Time-energy entanglement can also be viewed as frequency entanglement, as demonstrated in recent works [17, 18].
First, a laser pump produces frequency entangled photon pairs. The frequency of each photon is uncertain, but the sum of their frequencies is well defined. Second, two photons, whose frequency is so close that it cannot be distinguished, belong to the same frequency bin. Third, different frequency bins are made to interfere using electro optic phase modulators.
https://arxiv.org/abs/0910.1325
Now it is very important to understand that when one of the entangled photon pair in your case is moving in a gravity well, this will not destroy entanglement. The two photons have a common wavefunction that describe them both, and as you can see from frequency bin entanglement, the sum of their frequencies is well defined.

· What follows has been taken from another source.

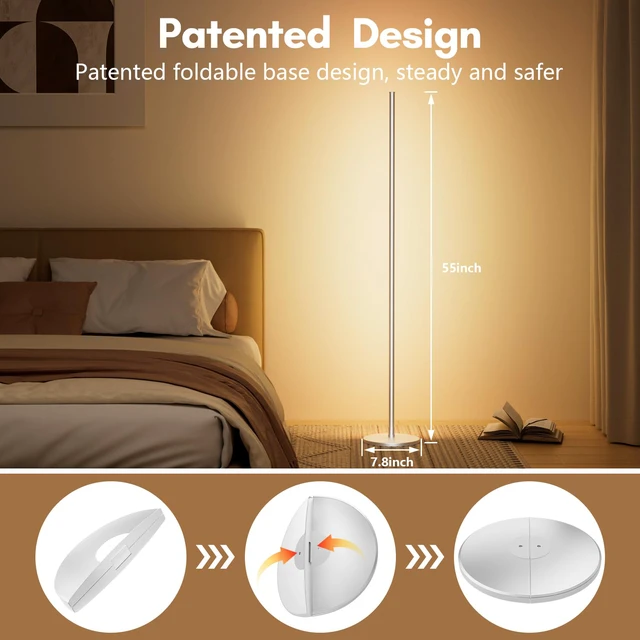 Alt view image 6 of 6 - Smart RGB+IC Corner Floor Lamp,Ambient Lighting Color Changing Standing Lamp with 16 Million DIY Colors and Music Mode, App and Remote, Bright LED Tall Lamp for Living Room,Bedroom,Gaming Room Silver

Now you are asking about a gravity well.
Another equivalent explanation is that the energy of the photon is decreased, and since E=hf the reduced energy necessarily implies a reduced frequency. The energy of a photon is reduced as it travels upwards because as the photon goes up it must trade some of its EM energy for gravitational potential energy.
In case of frequency entanglement, as you can see, the sum of the frequencies of the photons is well defined, and upon measurement, since the two photons are entangled, measuring the photon in the gravity well will determine the outcome for both photon's frequency measurement.